- [AVAILABLE RECORDS]:
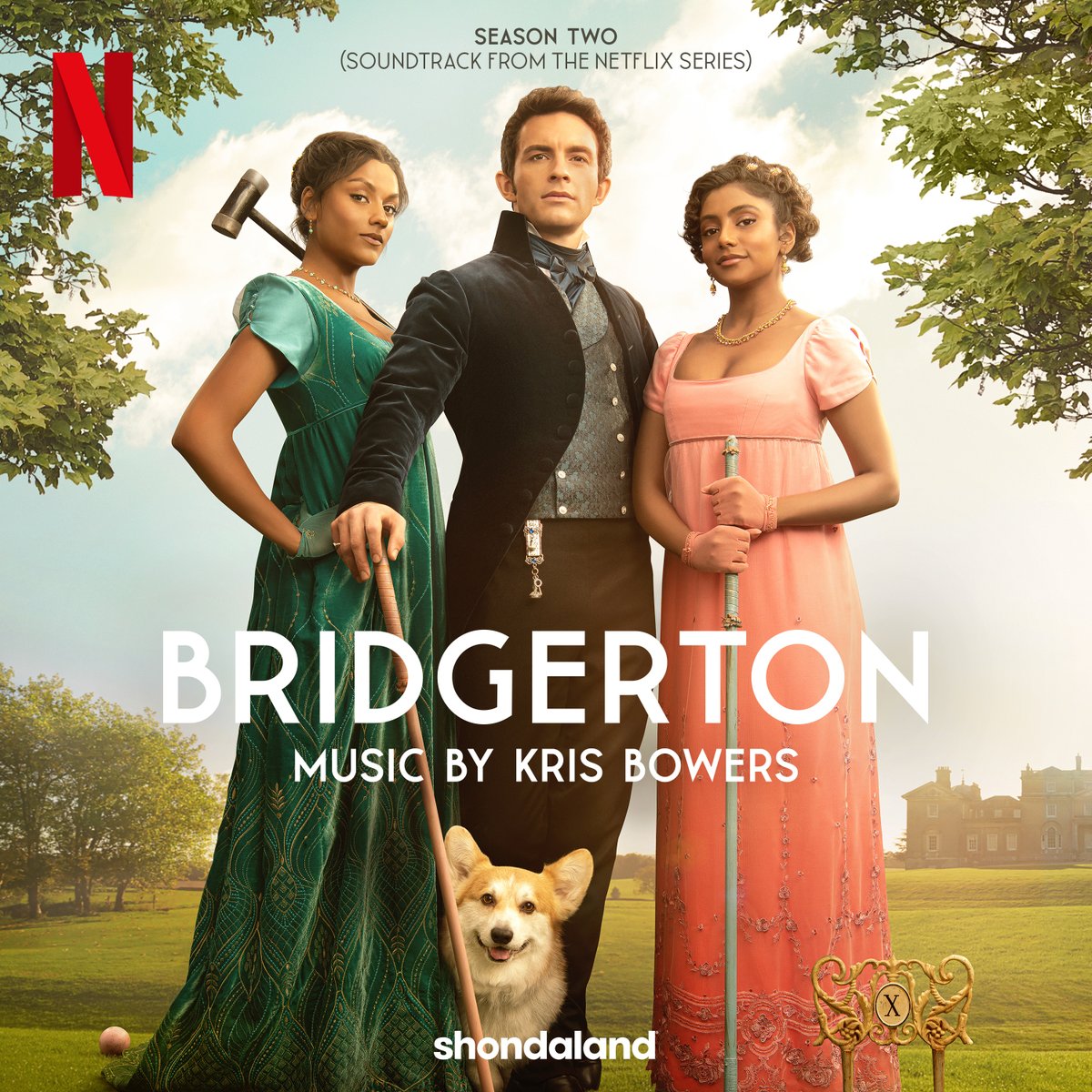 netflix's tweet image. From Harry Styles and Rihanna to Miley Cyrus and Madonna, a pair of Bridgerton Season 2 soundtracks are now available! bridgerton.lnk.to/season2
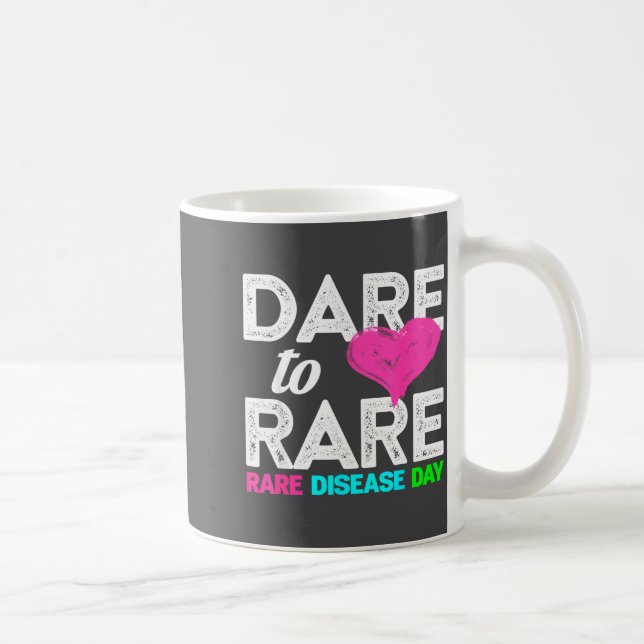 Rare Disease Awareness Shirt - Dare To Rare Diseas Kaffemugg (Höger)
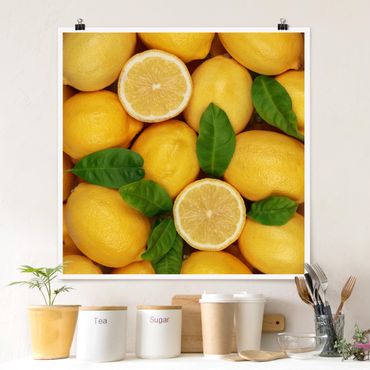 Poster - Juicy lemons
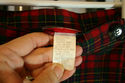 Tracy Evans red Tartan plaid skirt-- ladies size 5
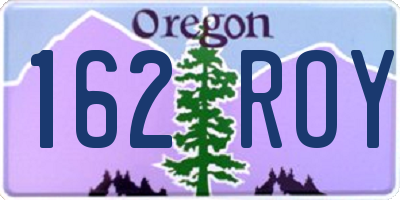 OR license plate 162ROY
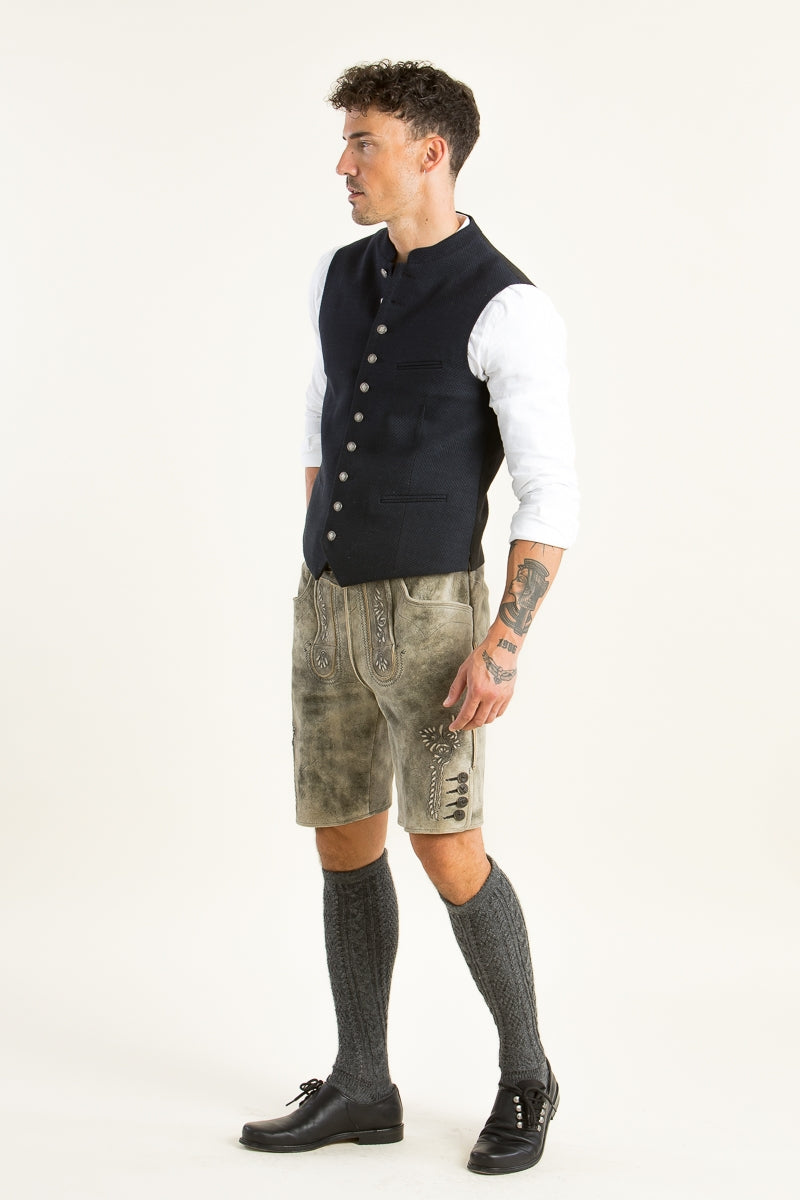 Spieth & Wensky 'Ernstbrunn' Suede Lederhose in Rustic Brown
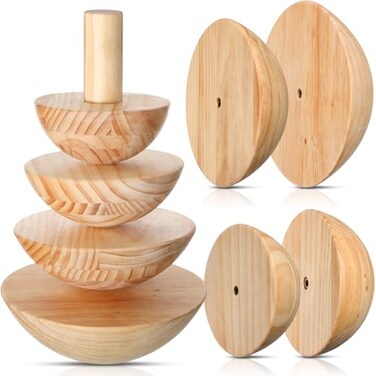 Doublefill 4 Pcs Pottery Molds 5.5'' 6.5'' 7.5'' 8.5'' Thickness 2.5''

---

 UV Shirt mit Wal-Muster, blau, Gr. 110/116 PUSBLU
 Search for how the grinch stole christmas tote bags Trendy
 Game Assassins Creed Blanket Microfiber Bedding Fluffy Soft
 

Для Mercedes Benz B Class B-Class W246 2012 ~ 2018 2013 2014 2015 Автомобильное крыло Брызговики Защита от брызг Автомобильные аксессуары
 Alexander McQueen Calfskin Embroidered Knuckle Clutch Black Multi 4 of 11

- [TASK STATEMENT]: Although the records above contain pictures, the copy should not; retype exactly the lines from the one containing "netflix's tweet image." through the one containing "OR license plate 162ROY".

- [TASK SOLUTION]:
 netflix's tweet image. From Harry Styles and Rihanna to Miley Cyrus and Madonna, a pair of Bridgerton Season 2 soundtracks are now available! bridgerton.lnk.to/season2
 Rare Disease Awareness Shirt - Dare To Rare Diseas Kaffemugg (Höger)
 Poster - Juicy lemons
 Tracy Evans red Tartan plaid skirt-- ladies size 5
 OR license plate 162ROY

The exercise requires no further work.